Um es vorweg zu nehmen: Ich habe Respekt gegenüber allen Snookerspielern und schätze das Spiel sehr. Ich weigere mich nur, jedesmal diese Mär vom schwierigsten Billardspiel zu hören. Ich weigere mich, als gestandener und erfahrener Pool-Billard-Spieler abschätzige Blicke oder Kommentare („Ach… nur Pool-Billard?“) von Snooker-Spielern entgegenzunehmen, die gerade mal seit einem halben Jahr wissen, wo beim Queue vorne ist. Oder noch besser, von Snooker-glotzenden Couch Potatos, die noch nie ein Queue in der Hand hatten, aber genau wissen, das beim Pool ja alles ganz einfach ist.
So, jetzt ist der Dampf abgelassen und wir können anfangen, die beiden Spielarten zu vergleichen. Woher kommt die Einschätzung, Snooker sei die schwierigste Billarddisziplin? Ganz klar daher, weil es in keiner anderen Billardart schwieriger ist, eine Kugel zu versenken (Pyramide-Spieler werden ggf. murren). Die Taschen sind kleiner, der Tisch größer, die Ecken abgerundet, das alles hat Rolf Kalb ja schon x-mal heruntergebetet.

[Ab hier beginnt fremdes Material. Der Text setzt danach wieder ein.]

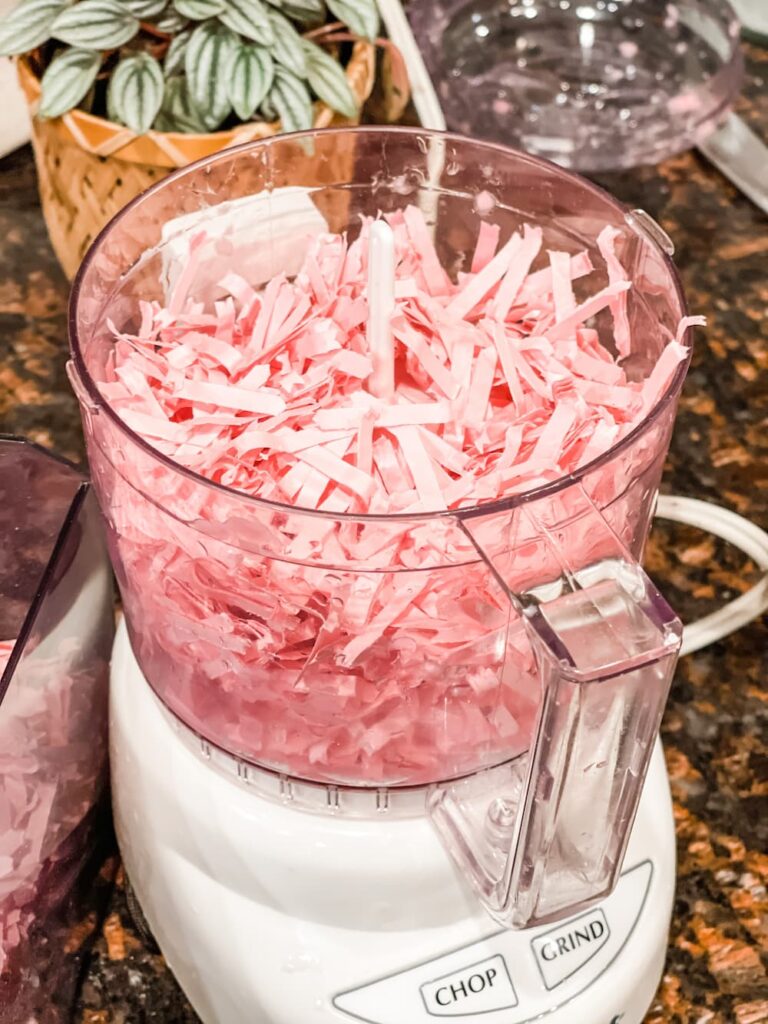shredded pink paper in food processor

Und für den Laien ist Lochen nun mal alles, also Snooker = schwierigste Disziplin. Das ist so ähnlich, wie beim Schießen die Schnellfeuerpistole mit Tontaubenschießen zu vergleichen, weil bei der einen Disziplin ist vielleicht das Ziel kleiner, dafür bewegt es sich bei der anderen, aber die Waffe streut ja auch… (Ich verstehe nichts vom Schießen.)

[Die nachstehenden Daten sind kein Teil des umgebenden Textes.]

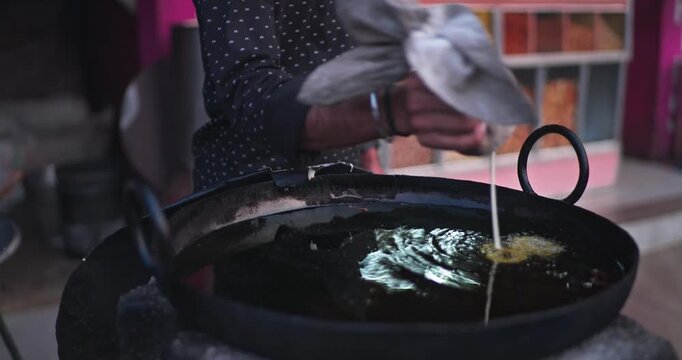 Traditional Indian Jalebi Making &ndash; Batter Pouring, Frying, and Dipping in Sugar Syrup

Anhänger dieser Denkweise begehen den Fehler zu glauben, es gäbe in einer Sportart ein absolut messbares Optimum, eine klar definierbare Höchstleistung, die zu erreichen in der einen Variante eben leichter ist als in der anderen. Weit gefehlt! Ein Spiel ist immer so schwer, wie ich es beherrsche oder auch nicht. Es gibt kein Optimum, es geht immer noch besser. Der Schwierigkeitsgrad hängt immer ab von meinem Können und dem meines Gegners.
Manches beim Snooker ist auch viel leichter, zum Beispiel Save zu spielen, weil ja alle Bälle so schwer zu lochen sind. Da ist ein verschossener Ball ja gleich ein Save! Shot-to-nothing, so etwas kennen wir im Pool nicht. Oder die Dauer einer Aufnahme: Im Snooker müssen die Profis maximal 36 Bälle am Stück schießen, im Pool sind es manchmal bis zu 150 Bälle, das ist eine Stunde Spiel am Stück, ohne die Konzentration zu verlieren.
Ich möchte nicht im Umkehrschluss behaupten, dass Pool-Billard doch das schwierigere Spiel sei. Sie lassen sich nicht vergleichen, weil es andere Spiele sind. Beide Spielarten sind Billard, doch sie unterscheiden sich technisch und taktisch. Nicht ohne Grund können gute Snooker- oder Pool-Spieler in der jeweils anderen Disziplin gut mithalten (und nicht ohne Grund können sie die ganz großen Erfolge in der Fremddisziplin dann doch nicht einfahren).
Snooker ist ein tolles Spiel, Pool auch (und natürlich auch Karambol, Kegelbillard, Pyramide und alle anderen Disziplinen, die ich nicht kenne). Jede Disziplin ist auf ihre Art schwer und anspruchsvoll. Also bitte, lieber Tagesspiegel, bitte, bitte, lieber Rolf Kalb, bitte bitte bitte erzählt nicht immer, das Snooker die anspruchsvollste Billard-Art sei! Ich stehe gerne jedem Journalisten des Tagesspiegels für Fachgespräche zur Verfügung.